«Un parcheggio sotto il ponte Belvedere»

17 Febbraio 2019

L’architetto Pecilli: lo abbiamo proposto come Comitato di via Fontesecco, visto che la gente ha paura e vuole andare via

L’AQUILA. Un parcheggio multipano con il sistema automatico di risalita delle automobili.
È quanto torna a proporre il Comitato del centro storico di via Fontesecco, San Domenico, via Sallustio, per l’edificio sotto il ponte di Belvedere e quello a fianco, demolito da oltre un anno e dove i lavori di ricostruzione non sono mai iniziati. Sul problema ponte di Belvedere è sceso l’oblìo.
«La nostra proposta, in maniera articolata, l’abbiamo illustrata durante l’assemblea che si è tenuta lo scorso settembre proprio nel cortile del palazzo sotto il ponte di Belvedere, che l’assessore e vicesindaco Guido Liris aveva proposto di abbattere», afferma l’architetto Pietro Pecilli, che a Fontesecco ha lo studio professionale. «Da allora, però, non si è saputo più nulla. Anche perché molte persone che abitano nel palazzo sotto il ponte, vorrebbero andare via. Allora perché non fare nell’area parcheggi, che nel centro storico sono indispensabili?».
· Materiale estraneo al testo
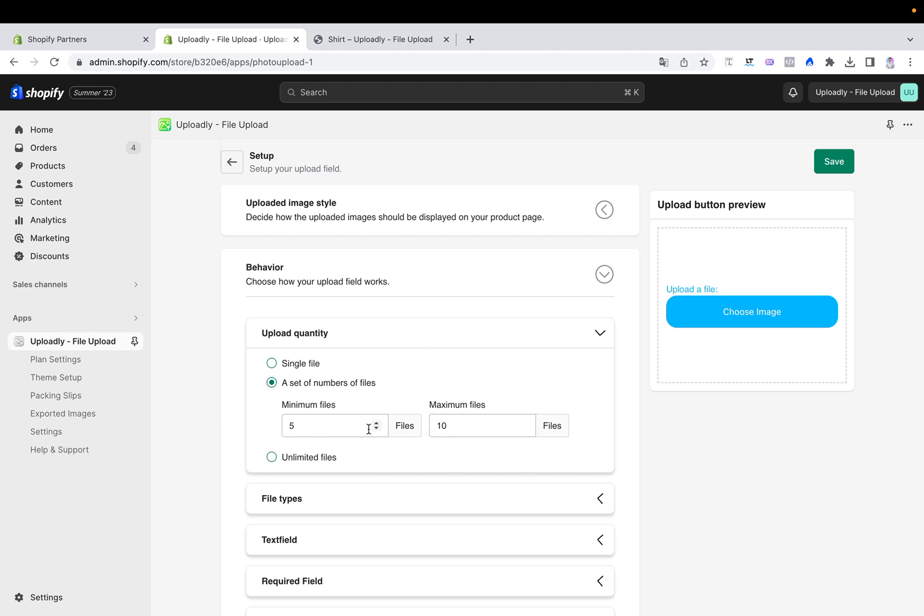So for example, let's say we have this kind of setting. I will click save, then let's have a look at the product page.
Liris aveva ventilato anche l’ipotesi di un eventuale rimborso (o incentivo) ai residenti del palazzo, disposti a trasferirsi in un altro appartamento.
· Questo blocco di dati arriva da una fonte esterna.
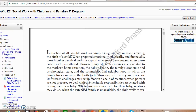We know what it's like to be a parent — the sleepless nights, the constant taking care of someone so vulnerable. But we do it because we know it's only for a time and we love that little baby. However, unpredictable circumstances related to the mother's home situation, the baby's health, the family's economic and psychological state, and the community and neighborhood in which the family lives can cause the birth to be shrouded with worry and concern.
«Il Comune ne ha tanti in centro storico, vuoti, derivanti dagli scambi con le abitazioni equivalenti. Non capiamo», dicono alcuni residenti, «perché non si riesca a concretizzare la cosa. Da un lato il Comune ci tranquillizza, dicendo che il ponte è sicuro e non ci sono problemi (anche se sono previsti due milioni di euro per rifare la campata in acciaio, ndr), dall’altra, però, chiediamo perché nel nostro palazzo non ci trasferiscono gli uffici comunali, visto che non ci sono pericoli». La palazzina, che risale agli anni Trenta, non è stata danneggiata dal sisma del 2009, ma l’allarme è scattato dopo la tragedia del ponte Morandi, a Genova. L’assessore Liris aveva proposto l’abbattimento della palazzina, che sorge proprio sotto il ponte. Anzi, il ponte, che invece è degli anni Sessanta, gli è stato costruito sopra.